Jean Cocteau Repertory (often called "the Cocteau" or "Cocteau Rep") was a nonprofit resident theatre company in the Bowery area of East Village, Manhattan, New York City.
==History==
Jean Cocteau Repertory was founded in 1971 by Eve Adamson, who named it in honor of French playwright, director and artist Jean Cocteau. "The Cocteau" had a reputation for serious and respectful productions of classical plays.

Jean Cocteau Repertory's first home was on Bond Street near the Bowery. Adamson envisioned a permanent acting ensemble that would perform classical plays in rotating repertory. Actors in the company were cast in both large and small roles and, in the theatre's early years, they also served alongside the founder as staff members. Adamson, who remained artistic director until 1989, directed more than 100 productions of plays by a wide range of playwrights for the company.

The Cocteau's opening season included a play by Cocteau, Orphée, in addition to works by William Shakespeare and Oscar Wilde.

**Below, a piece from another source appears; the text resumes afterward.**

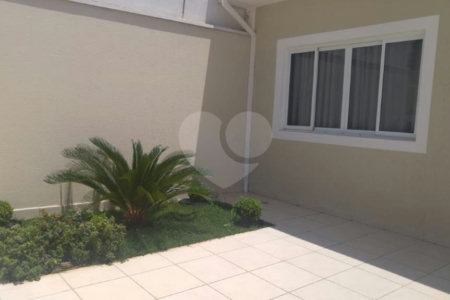 Casa à venda com 3 quartos, sendo 1 suíte, em Jardim Esplanada II, Indaiatuba, SP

In 1973, the company implemented the repertory format it maintained in subsequent decades and received some of its first wide acclaim, for a production of Samuel Beckett's Waiting for Godot. In 1974, the company moved into the 140-seat Bouwerie Lane Theater. In 1981, Tennessee Williams chose the Cocteau to premiere his new play Something Cloudy, Something Clear. In 2006, under new leadership, the company abandoned its name, its longtime location and its established style.

==Directors==
Robert Hupp replaced Adamson as artistic director in 1989, but she continued to direct plays for the Cocteau. In 1992 Hupp partnered with Scott Shattuck, who was eventually named producing artistic director. When they left in 1999, Shattuck and Hupp were replaced by David Fuller, who had been an actor with the company in the Something Cloudy, Something Clear era.

Fuller began to unionize the acting company, but four of its longtime members (along with some board members) left in 2004 and formed the Phoenix Theater Ensemble. Both Fuller and one of the actors blamed artistic differences for the split. In 2007, in the midst of difficulties with its finances, audience base and artistic reputation, the company was renamed The Exchange and set out to produce new works.

==Company members==
In addition to its founder, Jean Cocteau Repertory was strongly associated with its longest-tenured acting company members, including Craig Smith (who performed in more than 200 productions for the Cocteau starting in 1973) and Elise Stone (a member of the ensemble from 1985). They were among the artists that left the company in 2004.

Besides staging works from the past such as Restoration comedies and plays by historic authors such as Anton Chekhov, the Cocteau was known for productions of plays by major 20th century European playwrights such as Harold Pinter and Luigi Pirandello.